** WHAT THE EXERCISE ASKS **
A faithful copy of the data is the goal; set it down exactly, without the images.

** THE DATA **
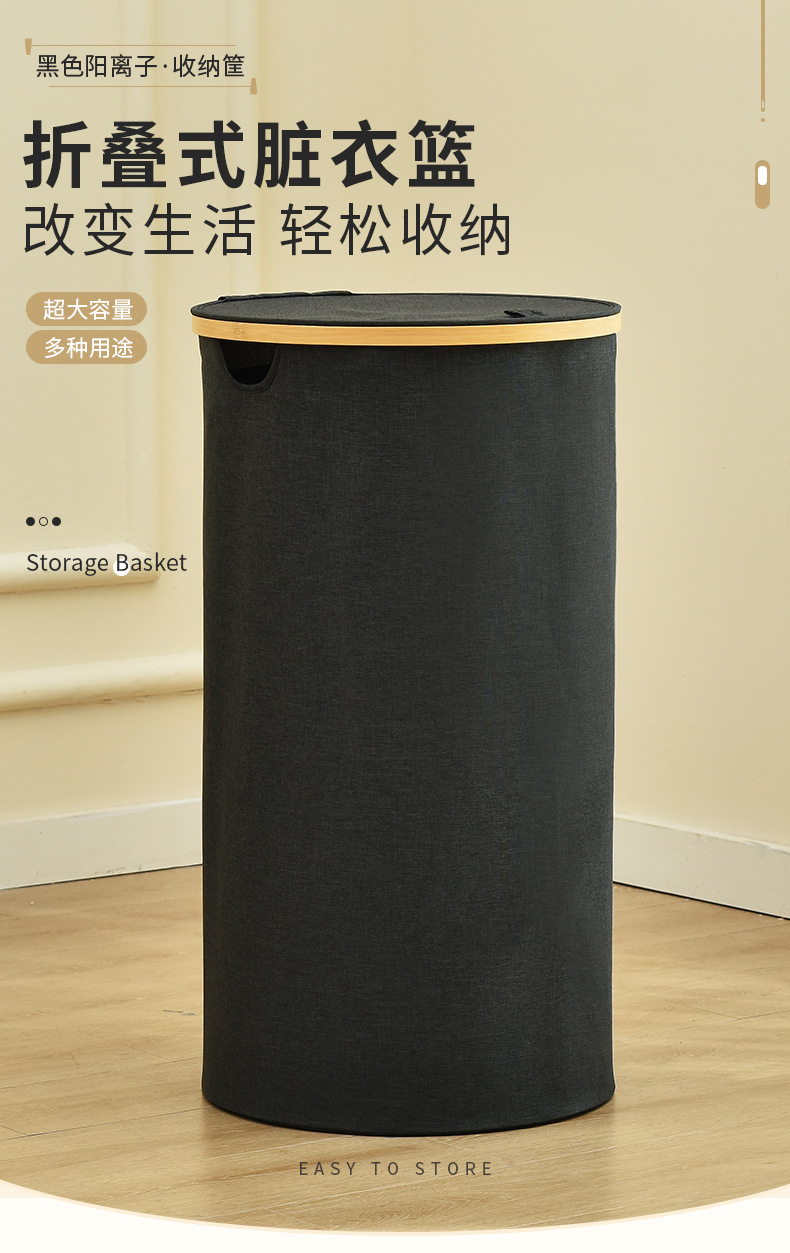 现货跨境脏衣篓黑色阳离子卫生间脏衣篮便携可折叠换衣篓一件代发详情1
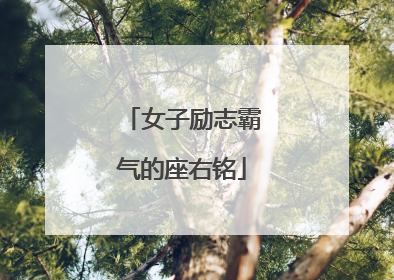女子励志霸气的座右铭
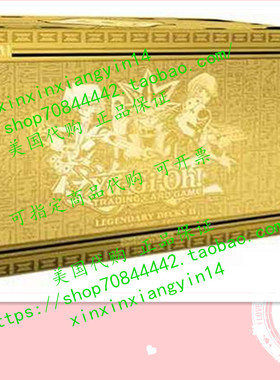 Yu-Gi-Oh!: Legendary Decks II Themed Starters (Yugi, Kaiba,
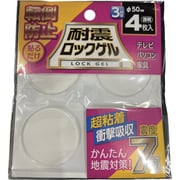 TG3-50C [ティーエフサービス 耐震マット 耐震ロックゲルΦ50厚さ3mm丸タイプ4枚入り 耐荷重約25kg]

** OUTPUT OF THE EXERCISE **
 现货跨境脏衣篓黑色阳离子卫生间脏衣篮便携可折叠换衣篓一件代发详情1
女子励志霸气的座右铭
 Yu-Gi-Oh!: Legendary Decks II Themed Starters (Yugi, Kaiba,
 TG3-50C [ティーエフサービス 耐震マット 耐震ロックゲルΦ50厚さ3mm丸タイプ4枚入り 耐荷重約25kg]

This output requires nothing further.